I probably shouldn't write on this one yet as I have not had time to study the whole issue in detail, but then the issue is so complex that it would take a very long time to study it sufficiently, and by then the talk would be about something else. So I will just jump in.

Ward Churchill is a University of Colorado professor who compared the 9/11 victims to Nazis in an essay, or specifically:


Churchill's essay, which likened "technocrats" killed in the World Trade Center to Adolf Eichmann, attracted little attention until January when he was invited to speak at a college in upstate New York. The college and a handful of other schools canceled Churchill's appearances, citing security concerns.

Churchill says he wrote the essay after television networks characterized the attacks as senseless. He contends they were the logical result of repressive U.S. Policies.


Many people want Churchill's head on a platter and if that can't be arranged at least his immediate firing. The University of Colorado president is now saying that Churchill won't be fired if all that he's guilty of is inflammatory comments.

The deeper issues in all this are the meaning of academic freedom of speech and the wingnuts' view of universities as the last bastions of liberalism. Which they want to destroy, of course.

This creates some odd ideological combinations: Imagine extreme conservatives being all for affirmative action in academia. Imagine the kind of people who fight university speech codes now fighting against the freedom of expression. This shows that the words are just words, clad up in whatever way serves the Cause, and the Cause is to get wingnuts in the saddle everywhere.

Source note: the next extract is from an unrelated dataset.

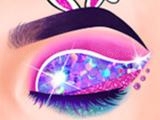 giocare Eye art - perfect makeup artist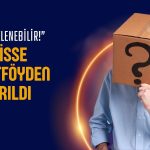 Kurum model portföyünü güncelledi: 2 kazançlı hisse çıkarıldı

Here is one example of the wingnut view on academia:


The debate stimulated by the Churchill affair has escalated into a long overdue exploration into the politics and processes of higher education. The sacred cow of tenure is under review, along with the limits of academic freedom and the shameful lack of ideological balance within college faculties. It's like peeling off the outer layers of an artichoke to get to the heart of the issue.

And this is it: 1) Ideology and politics. As Rorty proudly proclaims, the Left has taken over academe. We want it back. 2) Accountability. Self-important academics believe themselves to be beyond reproach, sitting as philosopher-kings, dispensing their wisdom to the ignorant masses. Nonsense. They're ordinary people, government employees dependent on their customers and the taxpayers for their income, and ultimately accountable to their bosses and the citizens who elect the Board of Regents. Academic freedom is not absolute.


There is a valid reason for the academic freedom of speech and the institution of tenure. They were created to guarantee the professors a work environment in which new ideas could be studied independently of societal and political pressures. If a researcher could be easily fired or disciplined based on what she or he writes then all research and teaching would be affected by this fear of consequences.

But of course neither the freedom of speech nor tenure are absolute rights, and they both have their disadvantages. How far we should go in modifying them, if we should modify them at all, is not clear. And the wingnuts' desire to bring what they call "ideological balance" into universities by hiring more wingnut professors is problematic because it would require affirmative action which wingnuts oppose with their very essence, and this affirmative action might have to force some wingnuts to become academics. There is a good reason why the academia is more liberal than the society on average, and why the business world is more conservative: money has a different role in determining the choices of individuals with different values. In any case, I think that universities are not dens of lefty iniquity. The vast majority of professors teach the course material and the students never know exactly how they vote if they do. But of course one can always find a Ward Churchill or someone similar from the other side of the political fence.